Stored data
===

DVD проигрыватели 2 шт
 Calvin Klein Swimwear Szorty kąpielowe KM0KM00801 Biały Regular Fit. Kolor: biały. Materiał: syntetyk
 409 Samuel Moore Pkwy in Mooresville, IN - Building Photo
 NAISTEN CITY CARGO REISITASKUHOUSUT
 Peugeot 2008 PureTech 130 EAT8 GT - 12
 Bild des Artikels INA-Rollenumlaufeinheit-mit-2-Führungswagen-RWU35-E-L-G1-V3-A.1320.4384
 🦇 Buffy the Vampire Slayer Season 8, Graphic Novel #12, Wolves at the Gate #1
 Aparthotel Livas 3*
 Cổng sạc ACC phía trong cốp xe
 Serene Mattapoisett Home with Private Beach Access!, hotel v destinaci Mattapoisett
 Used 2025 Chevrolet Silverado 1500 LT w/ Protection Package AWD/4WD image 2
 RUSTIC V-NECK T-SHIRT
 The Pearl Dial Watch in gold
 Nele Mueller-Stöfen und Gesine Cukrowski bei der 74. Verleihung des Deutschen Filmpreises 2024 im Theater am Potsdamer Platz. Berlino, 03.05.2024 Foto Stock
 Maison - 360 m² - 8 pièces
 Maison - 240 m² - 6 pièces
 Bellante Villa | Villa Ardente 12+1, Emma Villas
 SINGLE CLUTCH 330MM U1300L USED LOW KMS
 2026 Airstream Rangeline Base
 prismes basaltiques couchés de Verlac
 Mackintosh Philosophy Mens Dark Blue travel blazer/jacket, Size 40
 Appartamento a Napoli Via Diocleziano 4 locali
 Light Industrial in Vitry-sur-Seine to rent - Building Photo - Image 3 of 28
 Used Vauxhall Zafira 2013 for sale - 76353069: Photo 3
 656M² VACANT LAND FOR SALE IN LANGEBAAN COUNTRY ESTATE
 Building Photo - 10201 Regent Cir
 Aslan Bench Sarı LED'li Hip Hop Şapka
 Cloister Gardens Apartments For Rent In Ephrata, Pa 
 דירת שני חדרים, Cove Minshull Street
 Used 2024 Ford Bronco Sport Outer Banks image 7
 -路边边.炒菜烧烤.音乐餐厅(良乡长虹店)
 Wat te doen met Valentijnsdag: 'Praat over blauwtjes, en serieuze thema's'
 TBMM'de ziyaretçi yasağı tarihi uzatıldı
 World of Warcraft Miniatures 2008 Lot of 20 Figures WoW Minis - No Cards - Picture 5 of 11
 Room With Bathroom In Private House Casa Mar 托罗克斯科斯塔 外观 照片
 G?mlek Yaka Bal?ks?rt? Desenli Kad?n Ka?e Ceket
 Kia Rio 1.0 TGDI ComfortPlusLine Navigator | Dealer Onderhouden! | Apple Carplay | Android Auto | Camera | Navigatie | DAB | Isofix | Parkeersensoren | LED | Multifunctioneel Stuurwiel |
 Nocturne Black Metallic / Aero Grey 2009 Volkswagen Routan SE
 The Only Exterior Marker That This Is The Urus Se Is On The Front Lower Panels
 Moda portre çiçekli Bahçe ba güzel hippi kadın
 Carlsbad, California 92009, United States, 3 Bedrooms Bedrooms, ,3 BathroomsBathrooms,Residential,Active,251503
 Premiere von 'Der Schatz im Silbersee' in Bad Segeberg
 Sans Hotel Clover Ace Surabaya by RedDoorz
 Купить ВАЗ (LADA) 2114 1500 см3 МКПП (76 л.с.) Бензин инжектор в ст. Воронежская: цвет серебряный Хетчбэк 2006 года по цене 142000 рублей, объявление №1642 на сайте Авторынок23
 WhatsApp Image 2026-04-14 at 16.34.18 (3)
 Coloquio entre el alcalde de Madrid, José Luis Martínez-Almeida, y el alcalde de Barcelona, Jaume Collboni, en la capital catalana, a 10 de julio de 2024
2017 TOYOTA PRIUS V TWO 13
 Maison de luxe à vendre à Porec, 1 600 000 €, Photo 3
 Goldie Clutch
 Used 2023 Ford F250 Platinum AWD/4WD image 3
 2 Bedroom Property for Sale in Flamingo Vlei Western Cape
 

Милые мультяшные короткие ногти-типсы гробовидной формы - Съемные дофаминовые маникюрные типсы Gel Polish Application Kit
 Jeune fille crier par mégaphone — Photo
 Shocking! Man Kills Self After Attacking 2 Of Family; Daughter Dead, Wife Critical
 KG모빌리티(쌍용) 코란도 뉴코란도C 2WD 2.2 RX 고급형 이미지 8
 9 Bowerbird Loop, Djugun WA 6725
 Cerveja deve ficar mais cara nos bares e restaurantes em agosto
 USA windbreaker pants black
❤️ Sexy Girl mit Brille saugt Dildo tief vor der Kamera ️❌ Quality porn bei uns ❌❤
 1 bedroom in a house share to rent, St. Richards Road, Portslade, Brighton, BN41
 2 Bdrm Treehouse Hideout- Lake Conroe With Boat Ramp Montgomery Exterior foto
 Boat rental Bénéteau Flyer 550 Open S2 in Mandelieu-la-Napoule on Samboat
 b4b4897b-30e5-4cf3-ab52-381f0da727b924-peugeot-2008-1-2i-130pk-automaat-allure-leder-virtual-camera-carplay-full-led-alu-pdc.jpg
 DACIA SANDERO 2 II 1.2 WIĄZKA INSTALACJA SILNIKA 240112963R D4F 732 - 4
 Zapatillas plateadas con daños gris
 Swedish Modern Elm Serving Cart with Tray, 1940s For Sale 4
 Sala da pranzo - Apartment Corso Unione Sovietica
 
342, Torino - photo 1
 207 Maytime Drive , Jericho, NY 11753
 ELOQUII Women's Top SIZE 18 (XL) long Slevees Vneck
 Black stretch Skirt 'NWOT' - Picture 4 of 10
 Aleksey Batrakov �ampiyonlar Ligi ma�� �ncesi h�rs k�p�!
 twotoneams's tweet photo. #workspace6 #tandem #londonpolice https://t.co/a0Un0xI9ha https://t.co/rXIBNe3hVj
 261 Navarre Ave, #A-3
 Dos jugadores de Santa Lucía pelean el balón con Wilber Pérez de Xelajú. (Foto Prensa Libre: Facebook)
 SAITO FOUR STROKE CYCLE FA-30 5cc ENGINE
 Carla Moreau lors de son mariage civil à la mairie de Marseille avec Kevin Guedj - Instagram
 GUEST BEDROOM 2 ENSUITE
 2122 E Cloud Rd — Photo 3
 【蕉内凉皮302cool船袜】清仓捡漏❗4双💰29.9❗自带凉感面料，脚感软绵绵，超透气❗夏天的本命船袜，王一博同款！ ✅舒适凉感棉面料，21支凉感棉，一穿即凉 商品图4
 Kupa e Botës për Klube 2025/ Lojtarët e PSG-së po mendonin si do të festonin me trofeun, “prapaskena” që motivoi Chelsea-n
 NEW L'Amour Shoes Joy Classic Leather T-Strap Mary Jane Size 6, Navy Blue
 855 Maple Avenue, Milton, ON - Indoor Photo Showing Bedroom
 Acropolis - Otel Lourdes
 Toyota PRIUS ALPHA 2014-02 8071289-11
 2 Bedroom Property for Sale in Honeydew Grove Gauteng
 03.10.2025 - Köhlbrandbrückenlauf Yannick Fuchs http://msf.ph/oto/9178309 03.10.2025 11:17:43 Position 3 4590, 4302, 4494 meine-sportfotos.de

===

• [PROMPT]: Having output the line that contains "G?mlek Yaka Bal?ks?rt?", stop. Every line before it, back to the first line of the data, must be reproduced exactly.

• [SOLUTION FOR THIS PROBLEM]:
DVD проигрыватели 2 шт
 Calvin Klein Swimwear Szorty kąpielowe KM0KM00801 Biały Regular Fit. Kolor: biały. Materiał: syntetyk
 409 Samuel Moore Pkwy in Mooresville, IN - Building Photo
 NAISTEN CITY CARGO REISITASKUHOUSUT
 Peugeot 2008 PureTech 130 EAT8 GT - 12
 Bild des Artikels INA-Rollenumlaufeinheit-mit-2-Führungswagen-RWU35-E-L-G1-V3-A.1320.4384
 🦇 Buffy the Vampire Slayer Season 8, Graphic Novel #12, Wolves at the Gate #1
 Aparthotel Livas 3*
 Cổng sạc ACC phía trong cốp xe
 Serene Mattapoisett Home with Private Beach Access!, hotel v destinaci Mattapoisett
 Used 2025 Chevrolet Silverado 1500 LT w/ Protection Package AWD/4WD image 2
 RUSTIC V-NECK T-SHIRT
 The Pearl Dial Watch in gold
 Nele Mueller-Stöfen und Gesine Cukrowski bei der 74. Verleihung des Deutschen Filmpreises 2024 im Theater am Potsdamer Platz. Berlino, 03.05.2024 Foto Stock
 Maison - 360 m² - 8 pièces
 Maison - 240 m² - 6 pièces
 Bellante Villa | Villa Ardente 12+1, Emma Villas
 SINGLE CLUTCH 330MM U1300L USED LOW KMS
 2026 Airstream Rangeline Base
 prismes basaltiques couchés de Verlac
 Mackintosh Philosophy Mens Dark Blue travel blazer/jacket, Size 40
 Appartamento a Napoli Via Diocleziano 4 locali
 Light Industrial in Vitry-sur-Seine to rent - Building Photo - Image 3 of 28
 Used Vauxhall Zafira 2013 for sale - 76353069: Photo 3
 656M² VACANT LAND FOR SALE IN LANGEBAAN COUNTRY ESTATE
 Building Photo - 10201 Regent Cir
 Aslan Bench Sarı LED'li Hip Hop Şapka
 Cloister Gardens Apartments For Rent In Ephrata, Pa 
 דירת שני חדרים, Cove Minshull Street
 Used 2024 Ford Bronco Sport Outer Banks image 7
 -路边边.炒菜烧烤.音乐餐厅(良乡长虹店)
 Wat te doen met Valentijnsdag: 'Praat over blauwtjes, en serieuze thema's'
 TBMM'de ziyaretçi yasağı tarihi uzatıldı
 World of Warcraft Miniatures 2008 Lot of 20 Figures WoW Minis - No Cards - Picture 5 of 11
 Room With Bathroom In Private House Casa Mar 托罗克斯科斯塔 外观 照片
 G?mlek Yaka Bal?ks?rt? Desenli Kad?n Ka?e Ceket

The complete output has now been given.